Work to be completed -
Among the entries that follow, locate the line with "Юбка Choupette дев. плиссе синяя" and the line with "Cambro MDSHB9497 The". Output those lines and all lines in between, exactly, minus the pictures.

Supplied material -
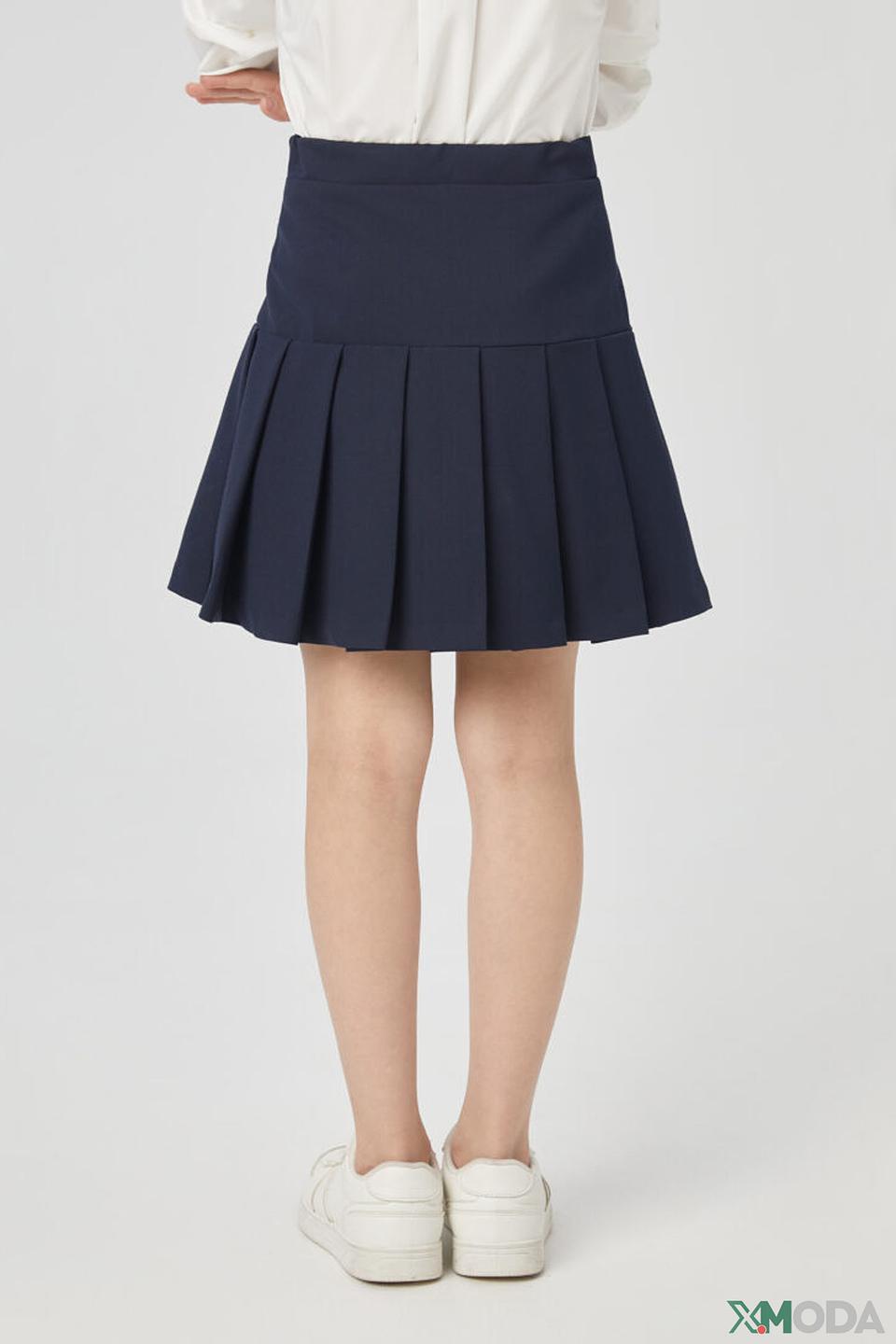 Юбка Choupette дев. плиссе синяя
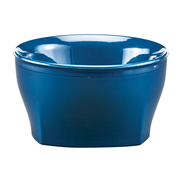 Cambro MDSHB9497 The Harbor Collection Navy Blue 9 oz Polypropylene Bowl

...

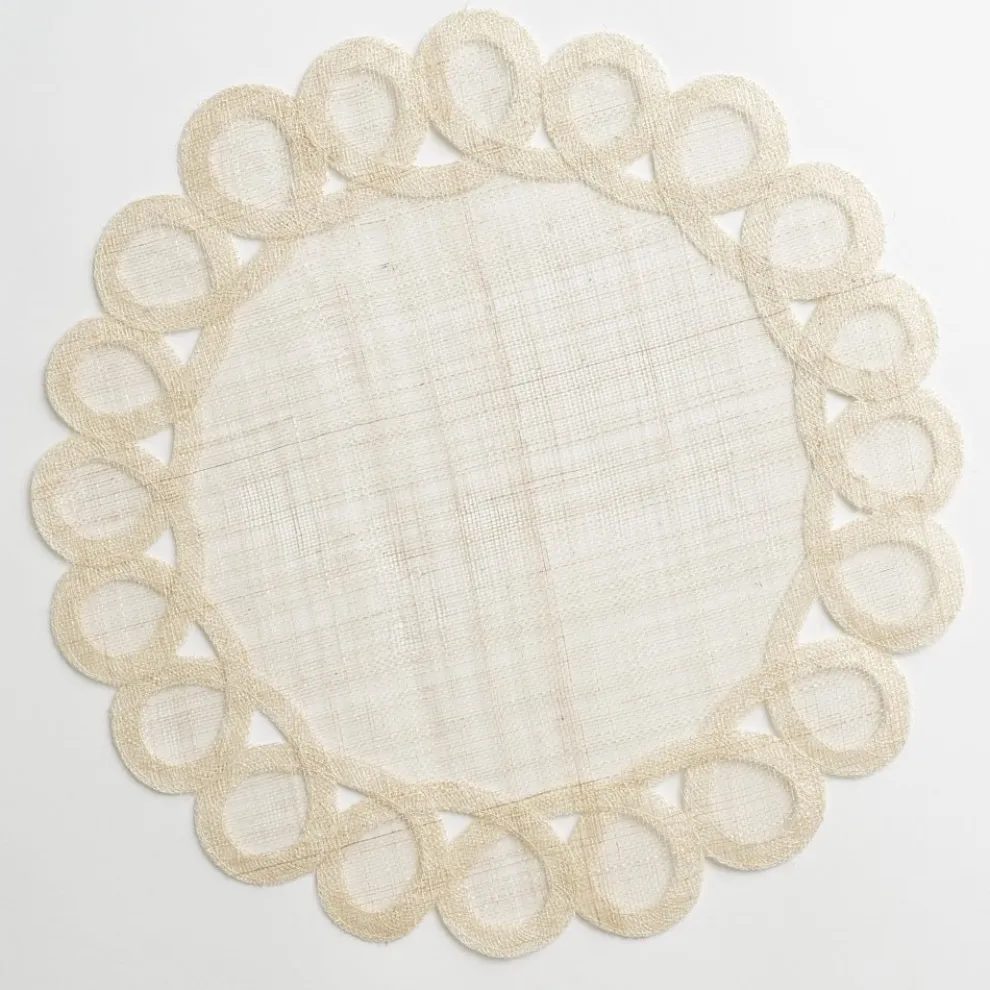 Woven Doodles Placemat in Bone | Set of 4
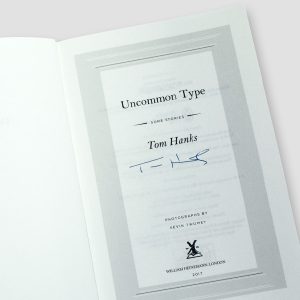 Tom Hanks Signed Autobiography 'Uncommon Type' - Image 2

Exercise solution -
 Юбка Choupette дев. плиссе синяя
 Cambro MDSHB9497 The Harbor Collection Navy Blue 9 oz Polypropylene Bowl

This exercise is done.